I’ve discussed rules for writing on this blog in the past–you can check out that post here–but in piecing together my last post, I came across my old creative writing notebook from my days at Florida International University. While most of my days at FIU were forgettable, many of the classes I took as part of the creative writing program are indelibly etched on my memory. So, flipping through the book I found my notes from a Narrative Techniques class I took with John Dufresne.
In his book called The Lie That Tells a Truth: A Guide to Writing Fiction, Dufresne presents his Ten Writing Commandments. The book was published in August of 2004, and since I took the class the Spring semester 2001 I was privy to the working draft of Dufresne’s guide to writing.
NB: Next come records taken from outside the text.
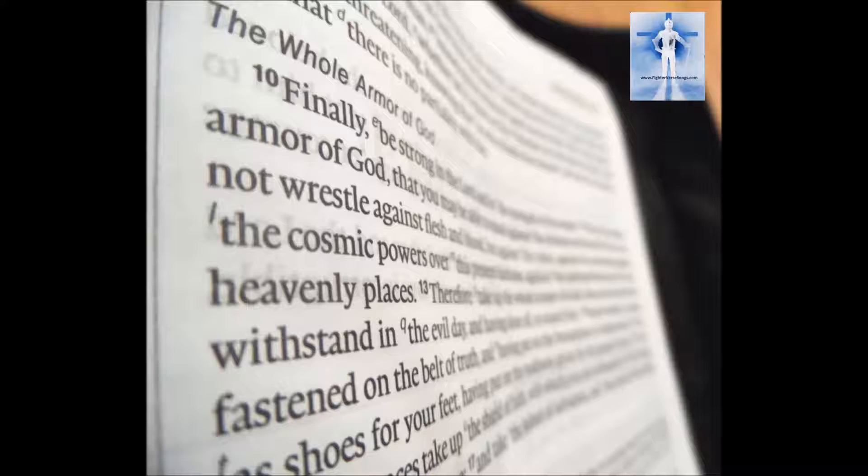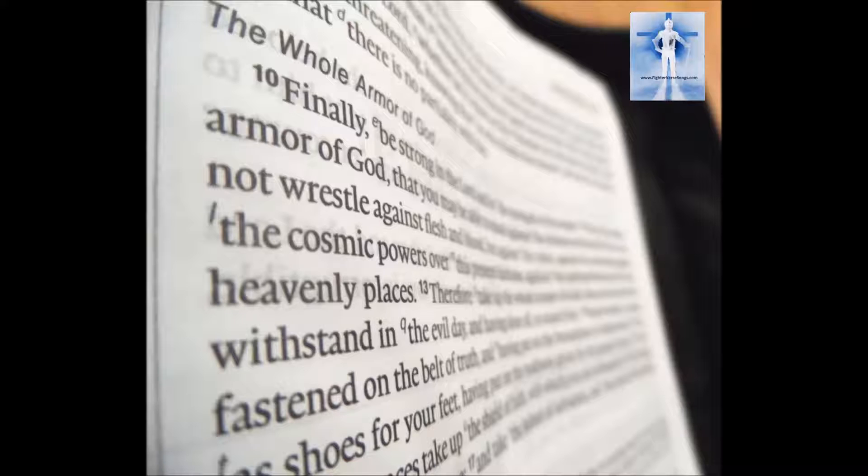In all circumstances take up the shield of faith with which you can extinguish all the flaming darts of the evil one. And take the helmet of salvation and the sword of the Spirit, which is the word of God.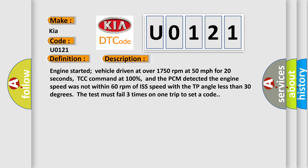The PCM detected the engine speed was not within 60 revolutions per minute of ISS speed with the TP angle less than 30 degrees. The test must fail three times on one trip to set a code.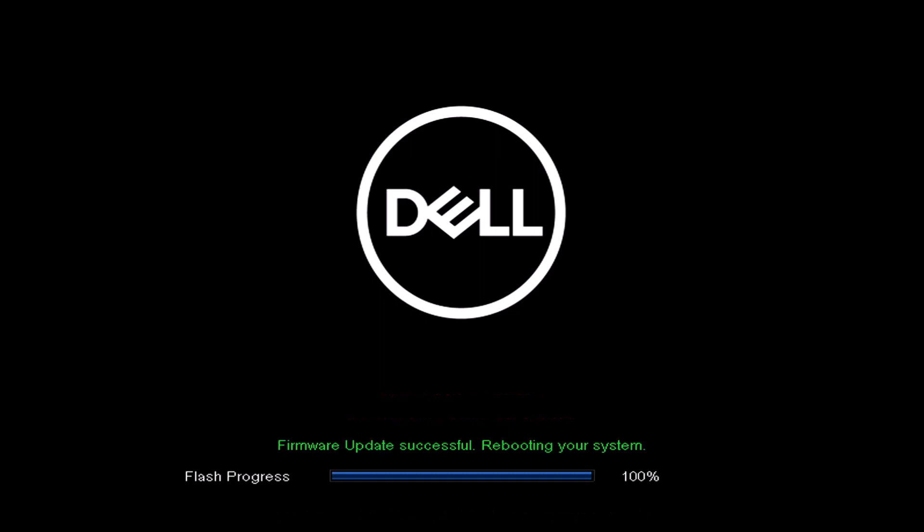My UEFI BIOS update seems to be successful. I have a black screen for a couple of seconds and then hopefully I should see the UEFI BIOS splash screen again.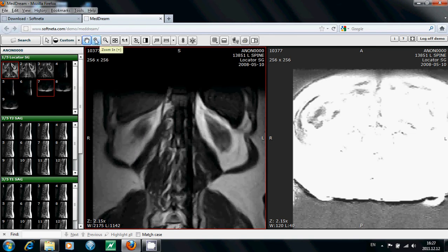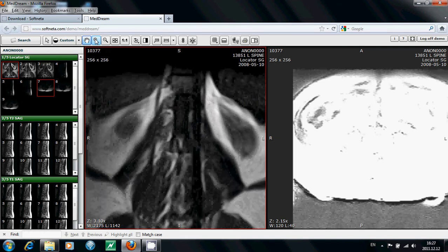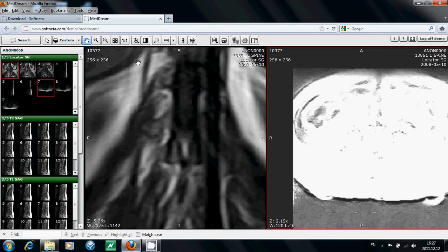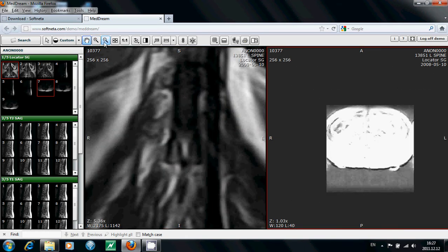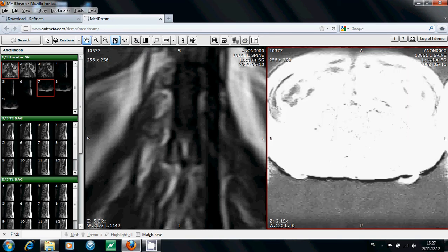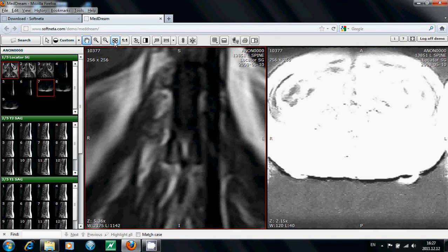Zoom In button increases the size of the image. And Zoom Out decreases it. After pushing Fit to Screen button, the size of the image is automatically adjusted so that the image would fill the entire screen.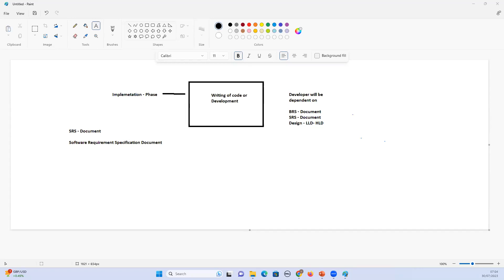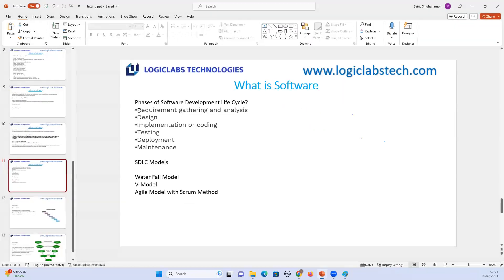BRS is the Business Requirement document, created in the requirements gathering and analysis phase. The business analyst is responsible for writing the BRS document — gathering all information about what functionalities should be included, what should be descoped, and maintaining communication with the client company.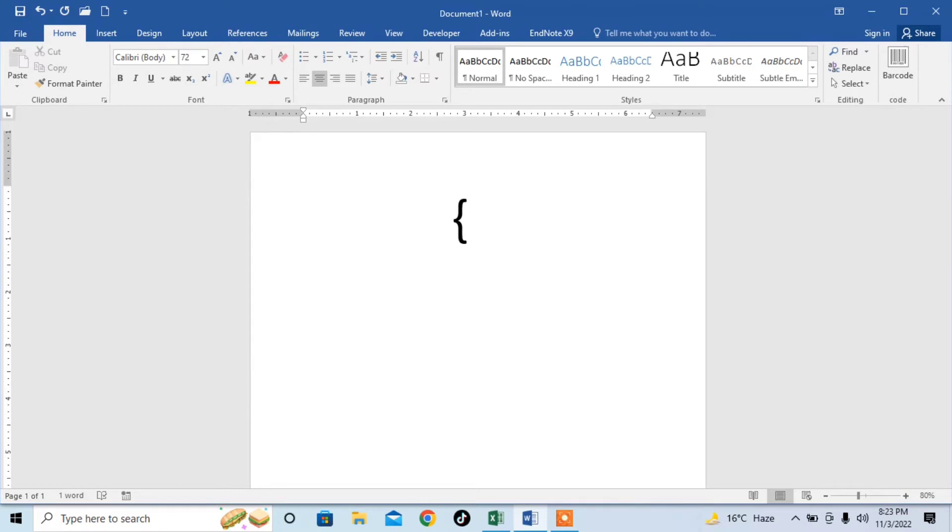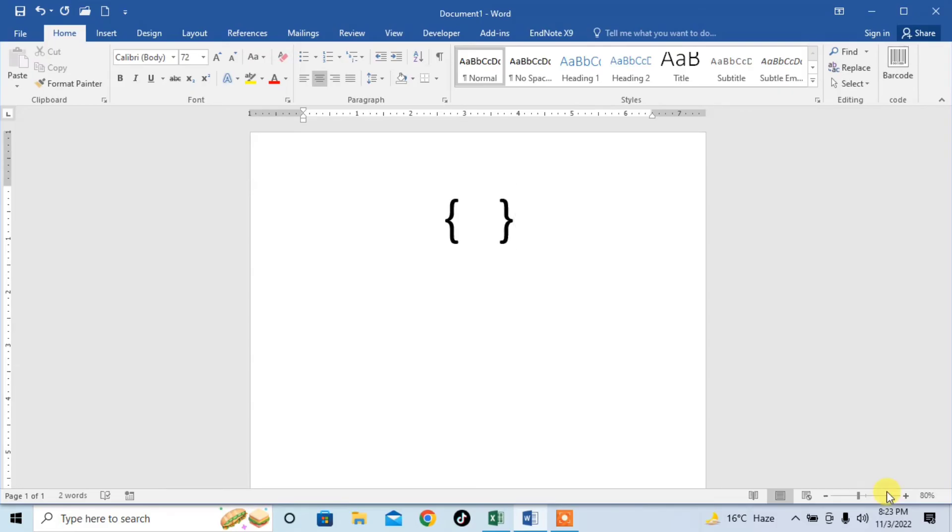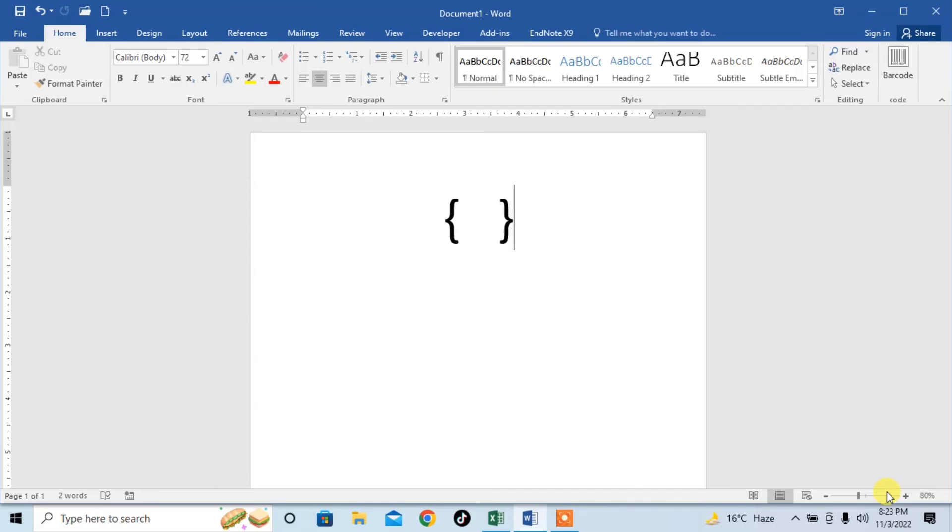Now I want to type right curly bracket, so press and hold Shift and then type the right square bracket key from your keyboard. You can see that the right curly bracket has been typed. So this is how you can type curly brackets with the help of your keyboard anywhere in your computer.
I can see how the scribbles in my notebook morphed into what’s presented in the publication–and that’s awesome.
Here’s Dufresne’s list of Commandments from The Lie:
- Sit your ass in the chair.
- Thou shalt not bore the reader.
- Remember to keep holy your writing time.
- Honor the lives of your characters.
- Thou shalt not be obscure.
- Thou shalt show and not tell.
- Thou shalt steal.
- Thou shalt rewrite and rewrite again. And again.
- Thou shalt confront the human condition.
- Be sure that every death in a story means something.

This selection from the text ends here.